Suren Thiru, economics director at ICAEW, said the rate rise will “come as a nasty blow” to those already battling escalating borrowing costs and other severe cost pressures.

He said: “The Monetary Policy Committee needs to be more forward looking in setting interest rates rather than being overly focused on current inflation given the long-time lag between rate rises and its impact on the broader economy.

“With most of the interest rate rises yet to pass through to households and businesses, the Bank of England risks overdoing the rate hikes, adding to squeeze on our growth prospects and aggravating the cost-of-living crisis.
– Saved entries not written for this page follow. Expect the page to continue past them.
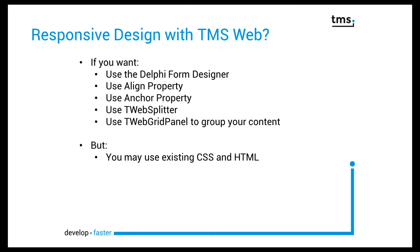All these components are rather known to you because they also exist in the VCL. However, and this makes TMS web so very powerful, you may also use existing CSS and HTML that a web designer has prepared for you.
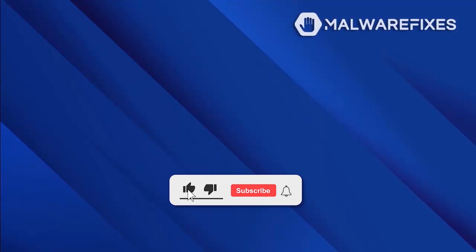Before we begin, please click like, subscribe, and notify button to get the most recent updates and information from our YouTube channel.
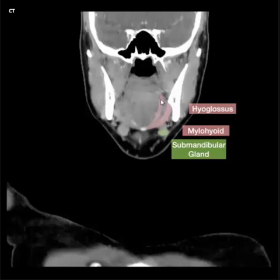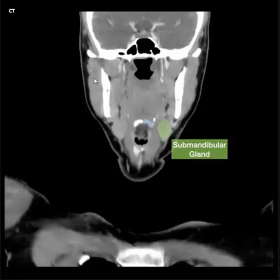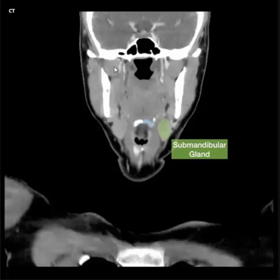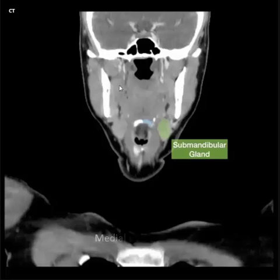Hyoglossus muscle. Mylohyoid muscle, right and left submandibular gland, right and left masseter muscle. Medial pterygoid muscle.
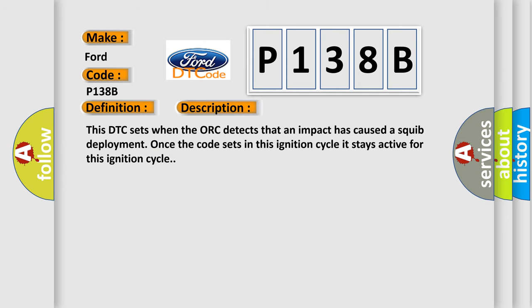This DTC sets when the AWK detects that an impact has caused a SQUIP deployment. Once the code sets in this ignition cycle it stays active for this ignition cycle.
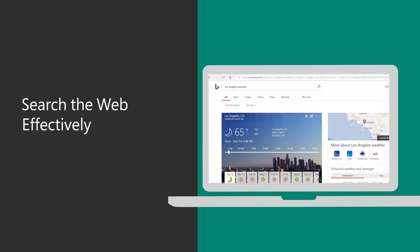Search engines do their best to provide you with results that seem most useful to you. However, they cannot always predict what you are looking for. In this video, you will learn techniques to make sure you find what you are looking for.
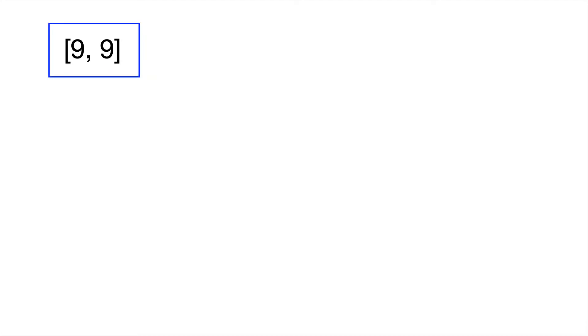Before we get totally happy, there's one more case that we need to explore. And that is a case where we have a 9 in each index of the array. For example, we have an array with 9 and 9. Let's look at what would happen in this case if we follow the approach that we've been using. We have the number 99.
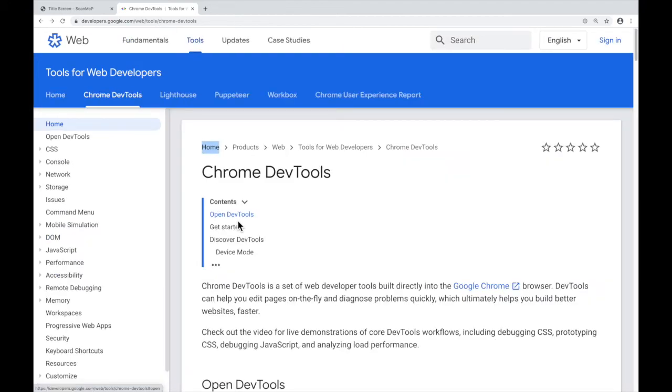In this video, we looked at the three main ways to open the Chrome DevTools: the browser menu, right-click inspect, and the keyboard shortcut. That's all for now. I'll see you in the next video.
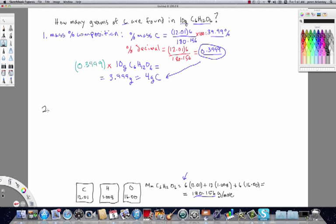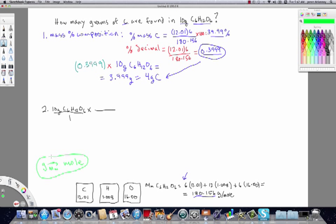Method 2 uses the unit multiplier method to solve the same problem. Which method you use is entirely up to you — either method works, so choose the one you're more comfortable with. In this method, we first need to get the moles of C6H12O6. This is a classic mass-to-mole conversion, dividing by the molar mass. We've already calculated the molar mass of C6H12O6 as 180.156.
Given that the Bank of England is still expecting inflation to fall back, the case for rate setters to pivot towards cutting interest rates is likely to strengthen.”

In yesterday’s announcement, the BoE said the pace at which domestic inflationary pressures ease will depend on the evolution of the economy, including the impact of the significant increases in Bank Rate so far. 

It also said that UK-weighted world GDP is now expected to grow at a “moderate pace”, and that while risks remain, it expects there will only be a small impact on GDP from tighter credit conditions. 

Thiru said: “The Bank of England’s latest forecasts paint a much more positive picture of the UK’s short-term growth prospects than their previous report. However, its medium-term projections suggest that our economic performance is likely to remain sluggish for the foreseeable future.

“The weak outlook for business investment is particularly concerning as it limits our ability to raise productivity, deliver a sustainably high wage economy, and if not addressed will continue to undermine the UK’s growth potential.”